Exercise:
Would you please restate the data exactly as it stands, apart from the pictures?

Stored data:
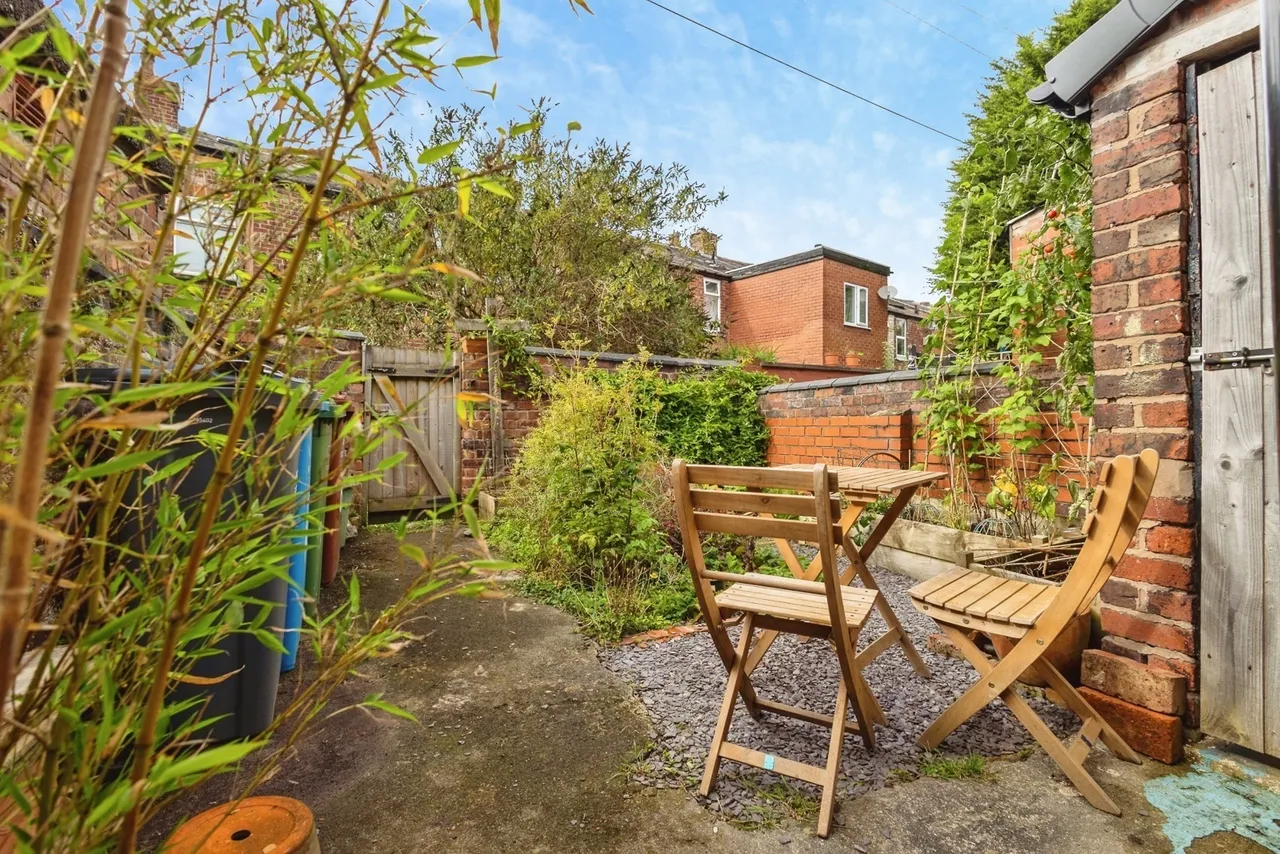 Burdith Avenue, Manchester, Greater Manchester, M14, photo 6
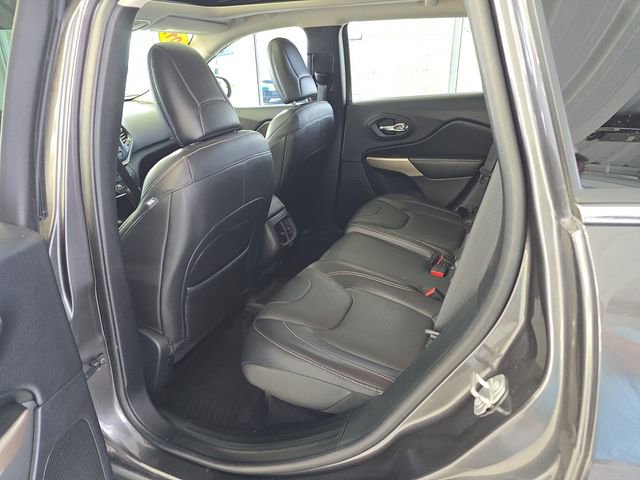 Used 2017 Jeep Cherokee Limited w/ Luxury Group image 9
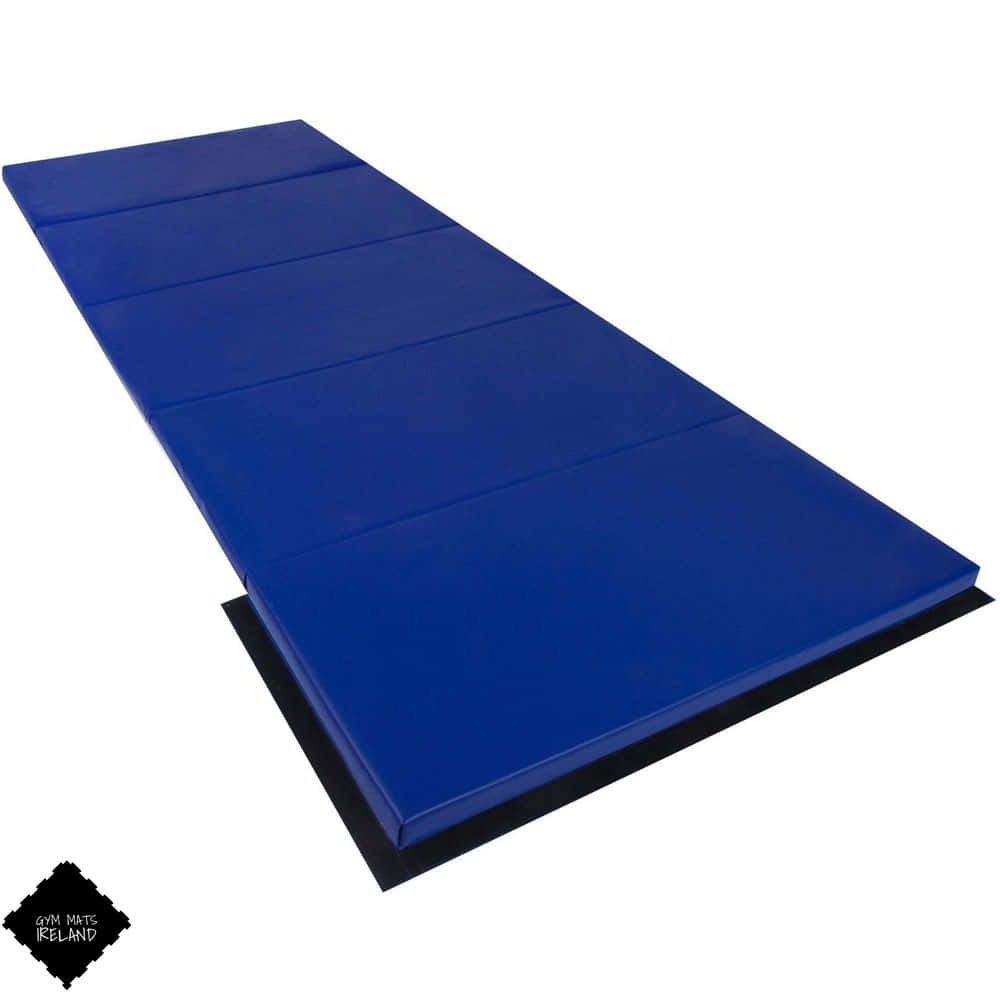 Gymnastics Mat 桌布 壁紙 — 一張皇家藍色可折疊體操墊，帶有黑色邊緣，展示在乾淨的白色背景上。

Solution:
 Burdith Avenue, Manchester, Greater Manchester, M14, photo 6
 Used 2017 Jeep Cherokee Limited w/ Luxury Group image 9
 Gymnastics Mat 桌布 壁紙 — 一張皇家藍色可折疊體操墊，帶有黑色邊緣，展示在乾淨的白色背景上。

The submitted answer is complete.